DESCRIPTION (provided by applicant): During the past five years, we have discovered several novel genetic alterations in colorectal tumors that are central to its pathogenesis. The most interesting of these affected PIK3CA, a lipid kinase mutated in more than 30% of the tumors. The mutations were clustered in two hot-spots and were altered at similar frequencies and positions in several other common tumor types. The PIK3CA gene is therefore one of the two most highly mutated oncogenes ever identified in human cancers. Our future efforts will be devoted to its further exploration and will incorporate four major components: 1. We will use targeted homologous recombination to disrupt the genes that appear to mediate the biologic effects of PIK3CA in colorectal cancer cells. By comparison of the properties of these cells to those in which mutant or wild-type forms of PIK3CA have been disrupted, we will define the role of each gene in each phenotype associated with PIK3CA mutation. 2. We will determine the changes in transcription associated with PIK3CA mutation using SAGE and microarray technologies. Genes identified through the expression analyses will themselves be subject to targeted disruption to test their physiologic roles in colorectal cancer cells. 3. We will develop small molecular inhibitors of the p110a enzyme encoded by PIK3CA, preferably specific for the mutant form but at minimum specific for the a isoform. Cells in which PIK3CA pathway genes have been disrupted will provide unique tests of specificity of such compounds. 4. We will determine the molecular structure of wild-type and mutant forms of the PIK3CA gene product, both alone and in complex with small molecule inhibitors. Such structures will be used to guide drug discovery as well as to provide insights into the mechanisms through which PIK3CA mutations affect enzymatic function. Relevance to Public Health: These studies represent an integrated program of research that will illuminate key features of one of the most important pathways contributing to human neoplasia. It is likely to have substantial implications for the diagnosis and treatment of cancer patients.

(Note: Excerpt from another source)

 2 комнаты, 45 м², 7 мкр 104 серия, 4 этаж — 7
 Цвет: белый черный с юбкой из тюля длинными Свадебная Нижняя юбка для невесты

描述（由申请人提供）：在过去的五年中，我们发现了几个新的遗传改变，在结直肠肿瘤是其发病机制的核心。其中最有趣的是影响PIK3CA，这是一种在超过30%的肿瘤中突变的脂质激酶。这些突变聚集在两个热点中，并且在其他几种常见肿瘤类型中以相似的频率和位置发生改变。因此，PIK3CA基因是人类癌症中发现的两种最高度突变的癌基因之一。我们今后的工作将致力于进一步的探索，并将包括四个主要组成部分：1。我们将使用靶向同源重组来破坏似乎介导PIK3CA在结直肠癌细胞中的生物学效应的基因。通过将这些细胞的性质与其中突变型或野生型形式的PIK3CA已被破坏的那些细胞的性质进行比较，我们将定义每个基因在与PIK3CA突变相关的每个表型中的作用。2.我们将使用SAGE和微阵列技术确定与PIK3CA突变相关的转录变化。通过表达分析鉴定的基因本身将受到靶向破坏，以测试它们在结直肠癌细胞中的生理作用。3.我们将开发PIK3CA编码的p110a酶的小分子抑制剂，优选对突变体形式具有特异性，但至少对a亚型具有特异性。其中PIK3CA途径基因已被破坏的细胞将提供此类化合物的特异性的独特测试。4.我们将确定PIK3CA基因产物的野生型和突变形式的分子结构，无论是单独的还是与小分子抑制剂复合的。这些结构将用于指导药物发现，并提供对PIK3CA突变影响酶功能的机制的见解。与公共卫生的相关性：这些研究代表了一个综合研究计划，将阐明导致人类肿瘤形成的最重要途径之一的关键特征。这可能对癌症患者的诊断和治疗有重大意义。